BEGIN Available data
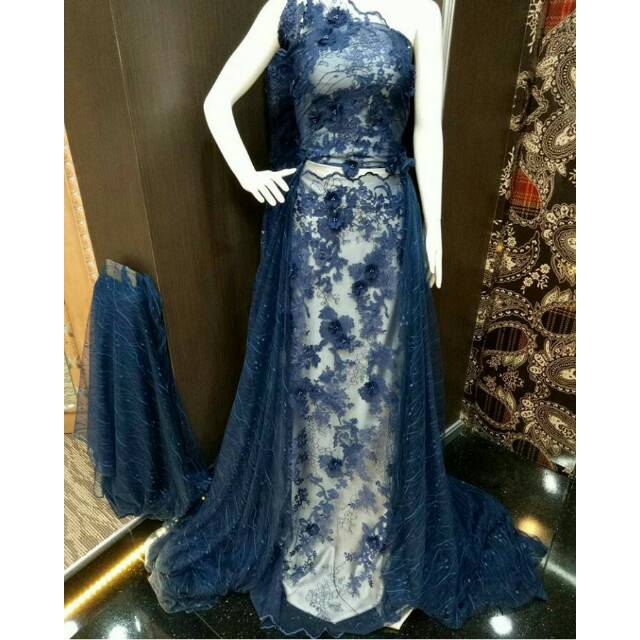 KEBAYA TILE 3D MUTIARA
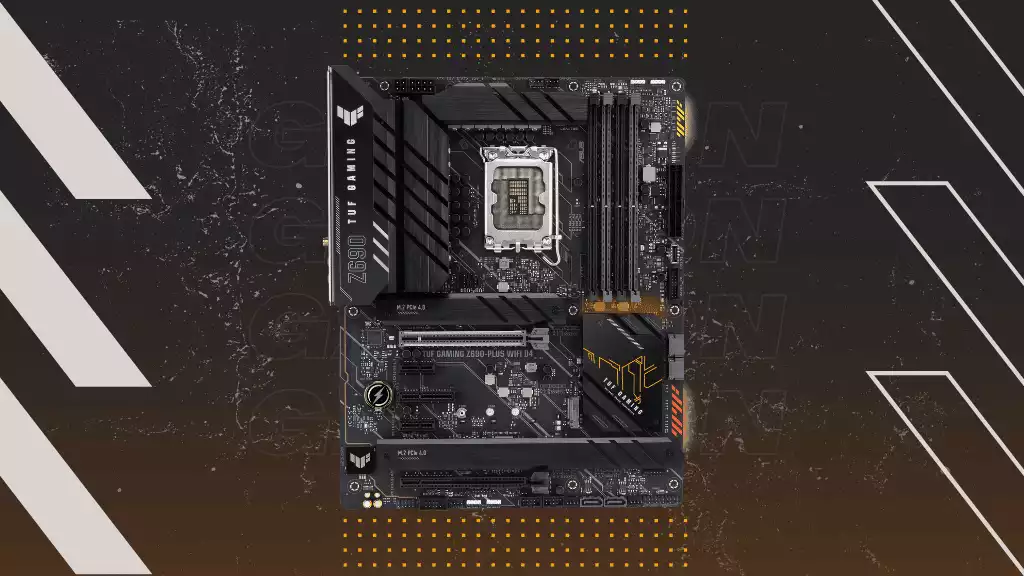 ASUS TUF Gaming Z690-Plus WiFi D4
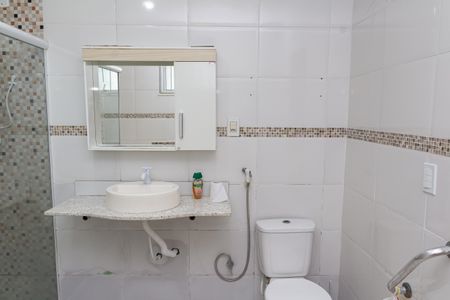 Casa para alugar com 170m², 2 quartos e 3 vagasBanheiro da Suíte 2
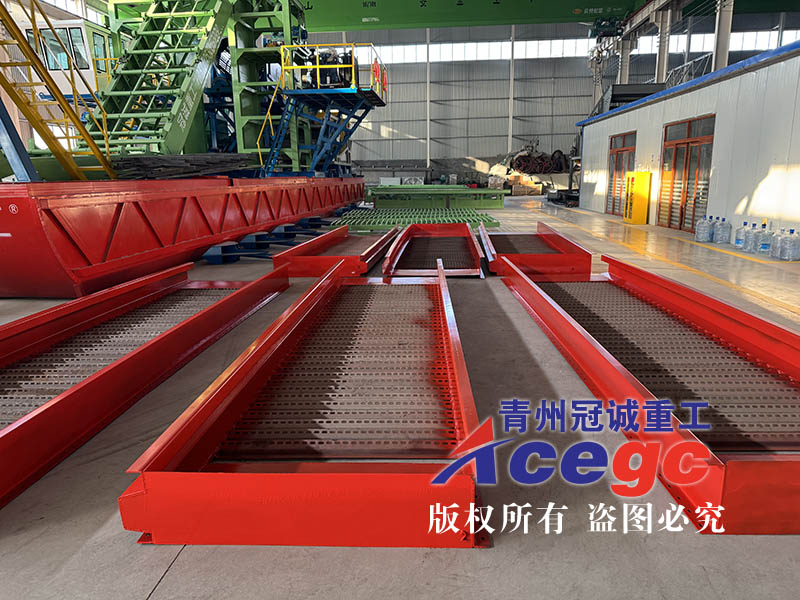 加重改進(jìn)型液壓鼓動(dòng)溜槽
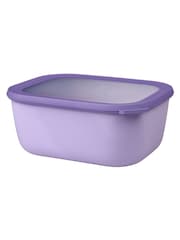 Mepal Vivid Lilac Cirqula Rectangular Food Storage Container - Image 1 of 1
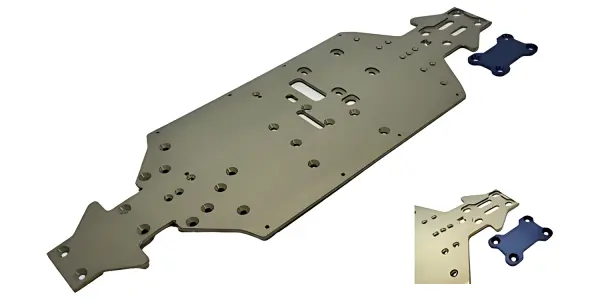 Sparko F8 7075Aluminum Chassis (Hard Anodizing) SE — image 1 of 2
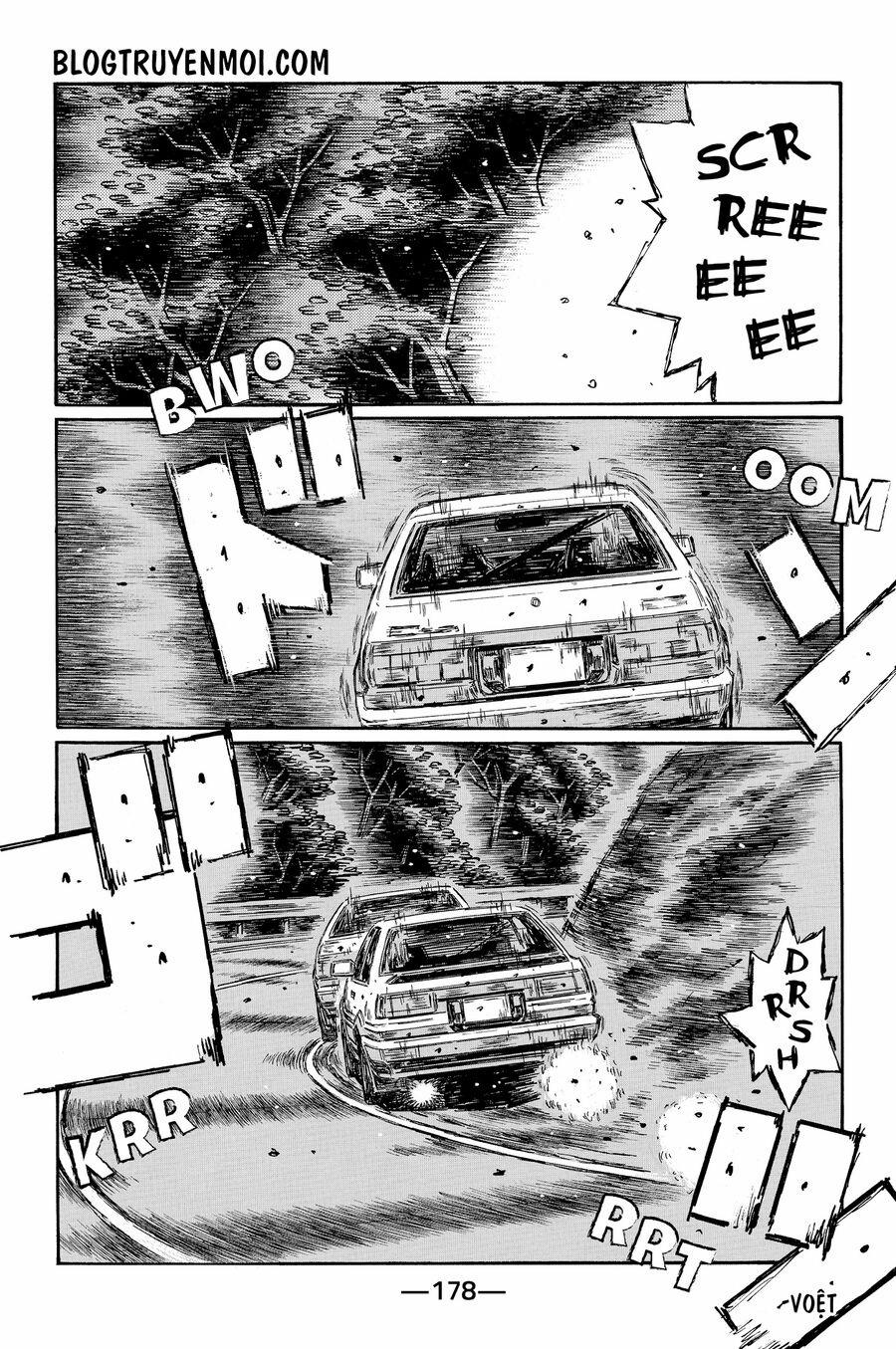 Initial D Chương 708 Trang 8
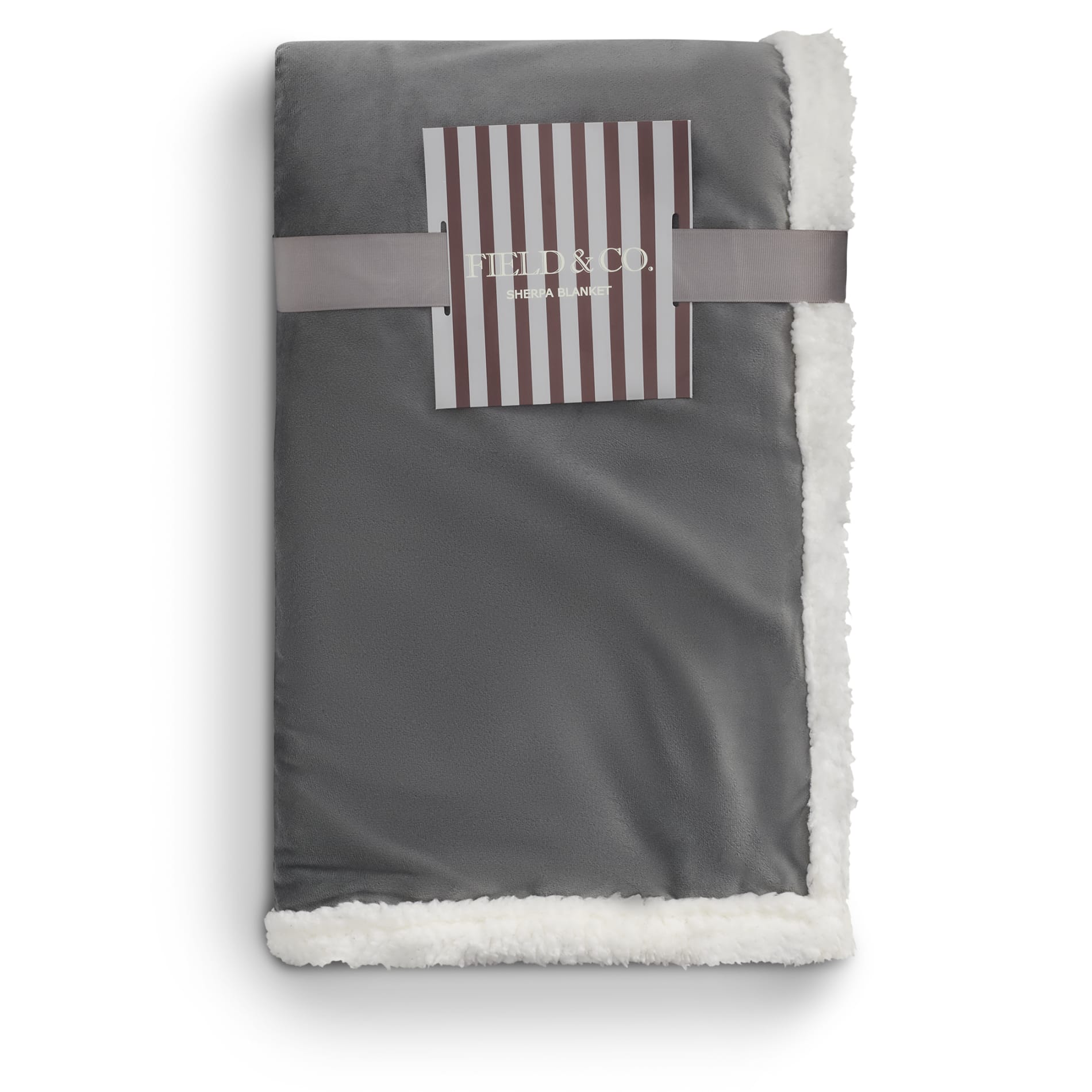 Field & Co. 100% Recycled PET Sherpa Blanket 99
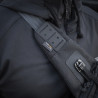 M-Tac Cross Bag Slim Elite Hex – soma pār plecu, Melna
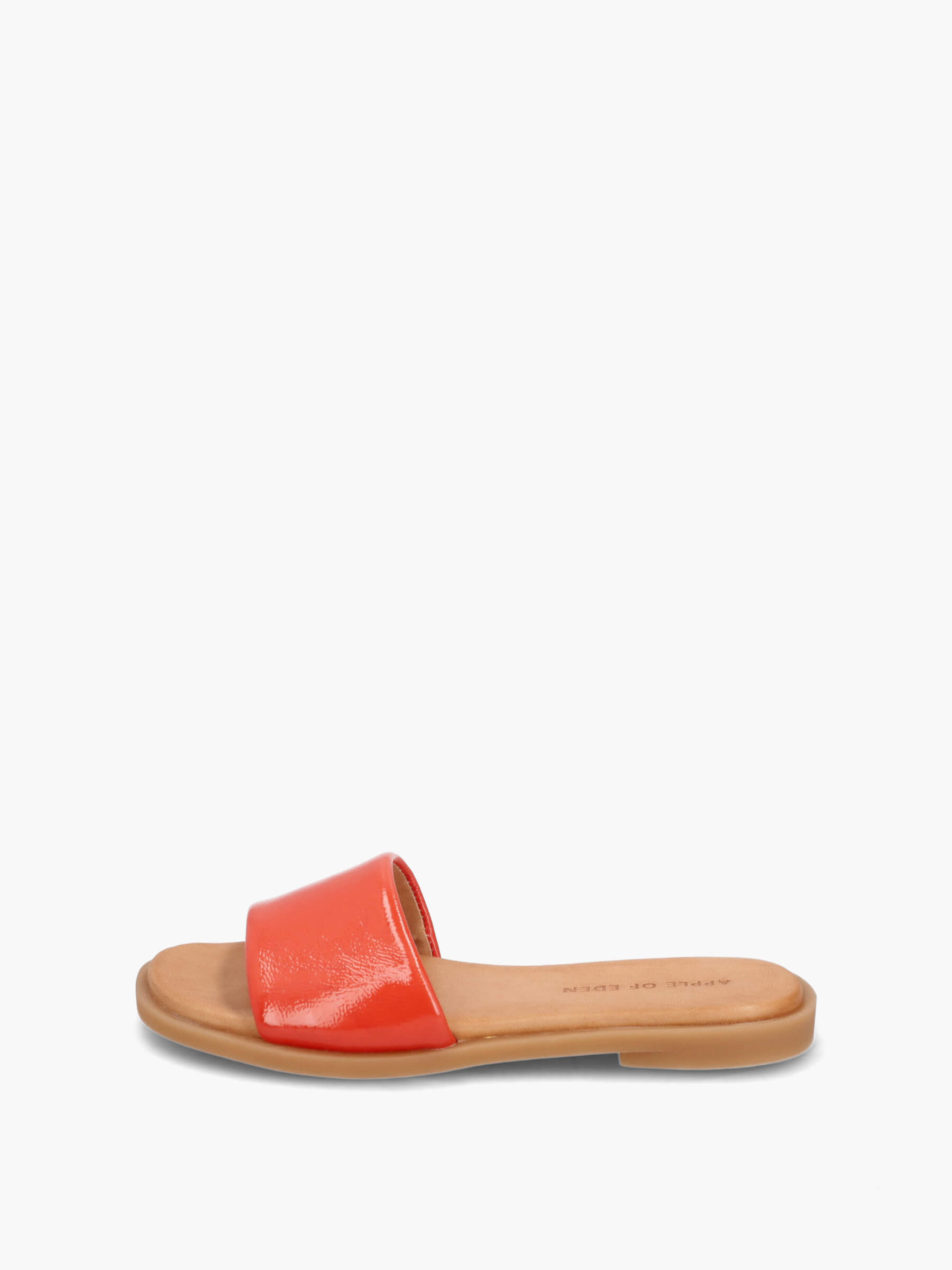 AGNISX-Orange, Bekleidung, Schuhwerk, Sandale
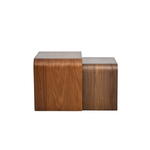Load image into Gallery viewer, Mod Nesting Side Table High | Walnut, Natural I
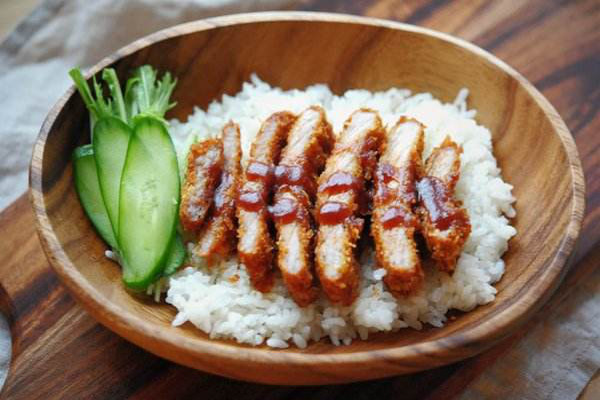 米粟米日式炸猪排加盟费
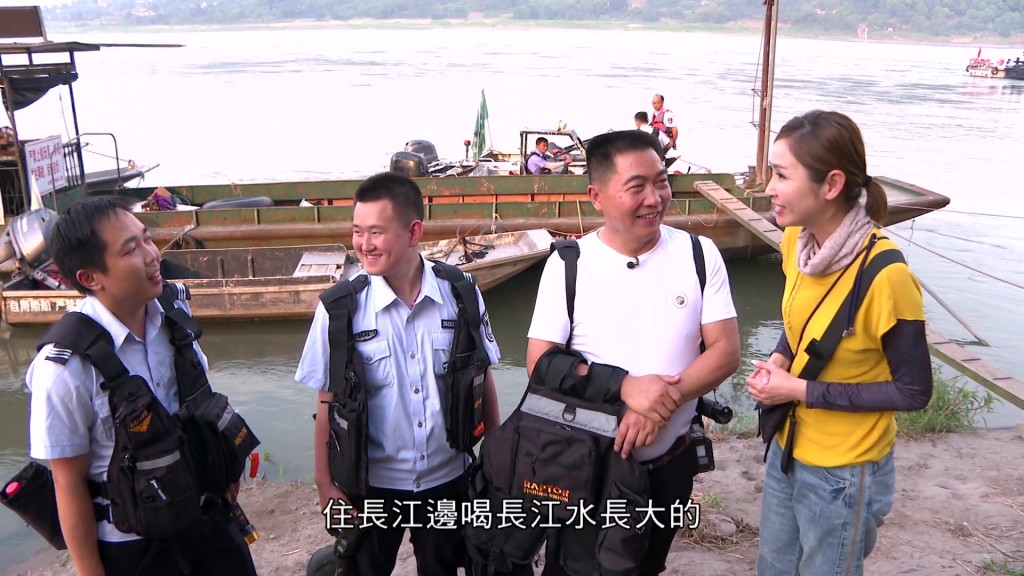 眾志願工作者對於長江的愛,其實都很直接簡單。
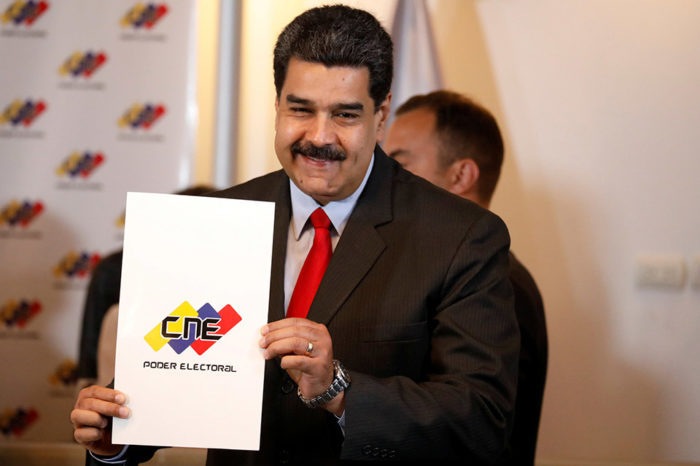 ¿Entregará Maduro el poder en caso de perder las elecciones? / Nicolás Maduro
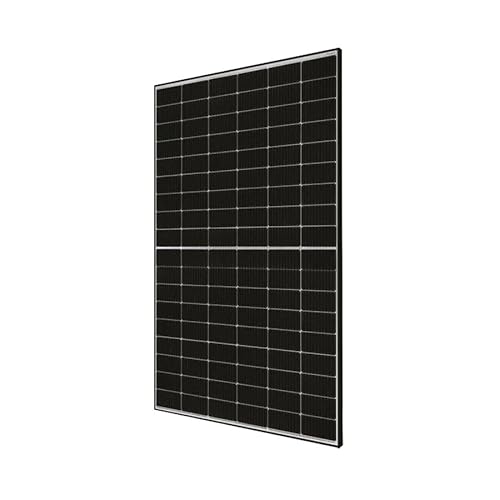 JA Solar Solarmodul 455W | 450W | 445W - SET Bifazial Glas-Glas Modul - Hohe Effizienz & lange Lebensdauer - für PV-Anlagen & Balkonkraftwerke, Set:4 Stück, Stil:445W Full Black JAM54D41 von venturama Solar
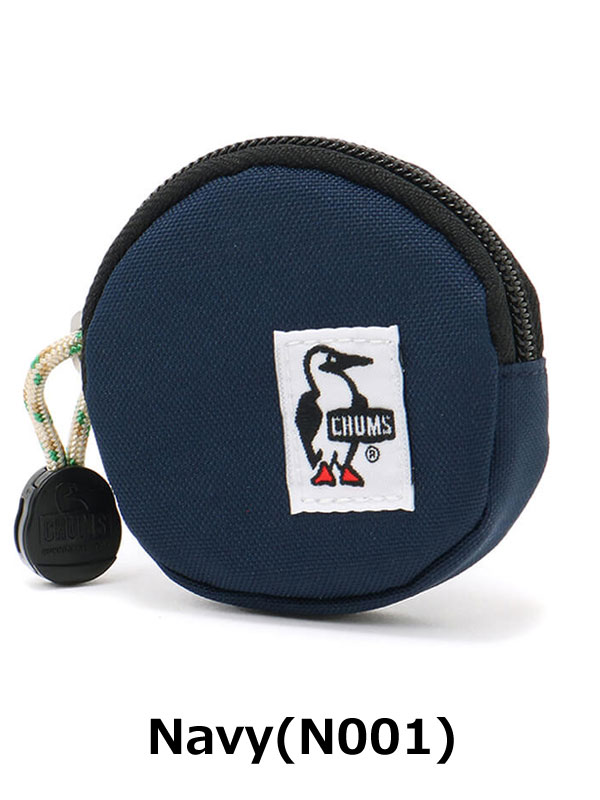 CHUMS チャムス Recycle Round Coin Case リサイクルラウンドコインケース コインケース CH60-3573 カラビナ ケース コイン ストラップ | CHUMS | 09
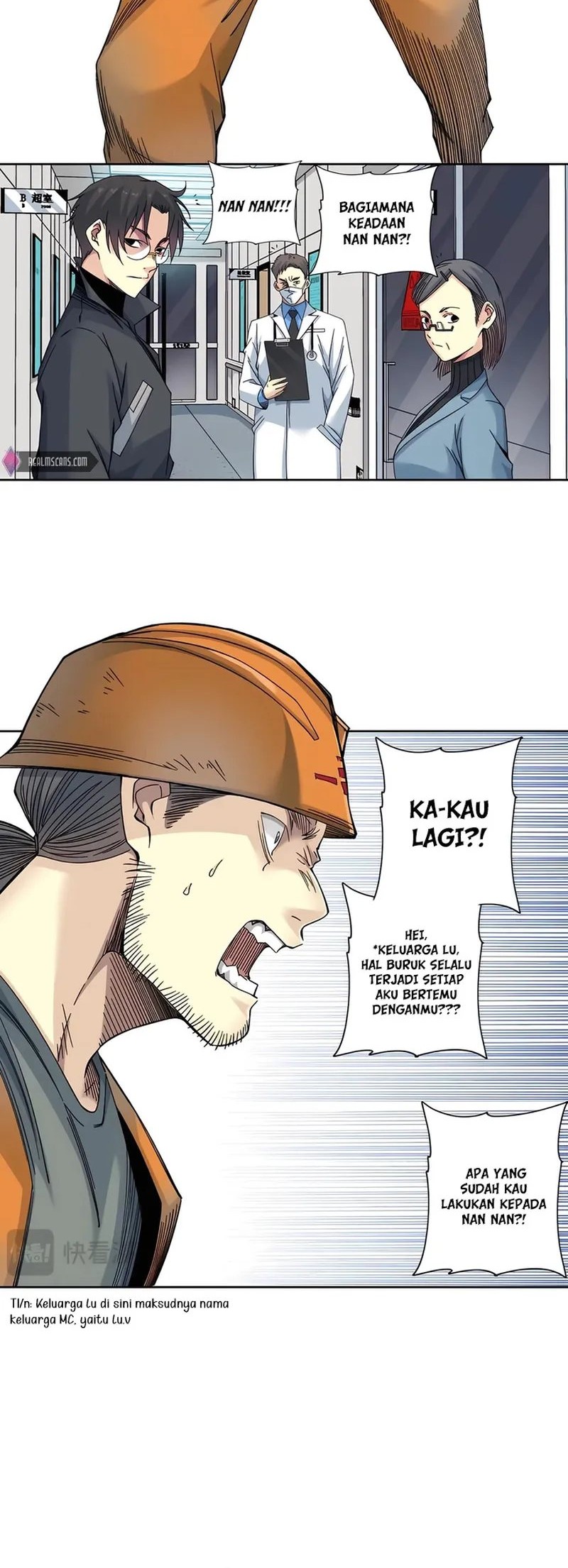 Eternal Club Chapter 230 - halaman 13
END Available data
What the exercise asks: Only the text of the entries above, transcribed exactly, should be given; leave out pictures.

Response below:
 KEBAYA TILE 3D MUTIARA
 ASUS TUF Gaming Z690-Plus WiFi D4
 Casa para alugar com 170m², 2 quartos e 3 vagasBanheiro da Suíte 2
 加重改進(jìn)型液壓鼓動(dòng)溜槽
 Mepal Vivid Lilac Cirqula Rectangular Food Storage Container - Image 1 of 1
 Sparko F8 7075Aluminum Chassis (Hard Anodizing) SE — image 1 of 2
 Initial D Chương 708 Trang 8
 Field & Co. 100% Recycled PET Sherpa Blanket 99
 M-Tac Cross Bag Slim Elite Hex – soma pār plecu, Melna
 AGNISX-Orange, Bekleidung, Schuhwerk, Sandale
Load image into Gallery viewer, Mod Nesting Side Table High | Walnut, Natural I
 米粟米日式炸猪排加盟费
 眾志願工作者對於長江的愛,其實都很直接簡單。
 ¿Entregará Maduro el poder en caso de perder las elecciones? / Nicolás Maduro
 JA Solar Solarmodul 455W | 450W | 445W - SET Bifazial Glas-Glas Modul - Hohe Effizienz & lange Lebensdauer - für PV-Anlagen & Balkonkraftwerke, Set:4 Stück, Stil:445W Full Black JAM54D41 von venturama Solar
 CHUMS チャムス Recycle Round Coin Case リサイクルラウンドコインケース コインケース CH60-3573 カラビナ ケース コイン ストラップ | CHUMS | 09
 Eternal Club Chapter 230 - halaman 13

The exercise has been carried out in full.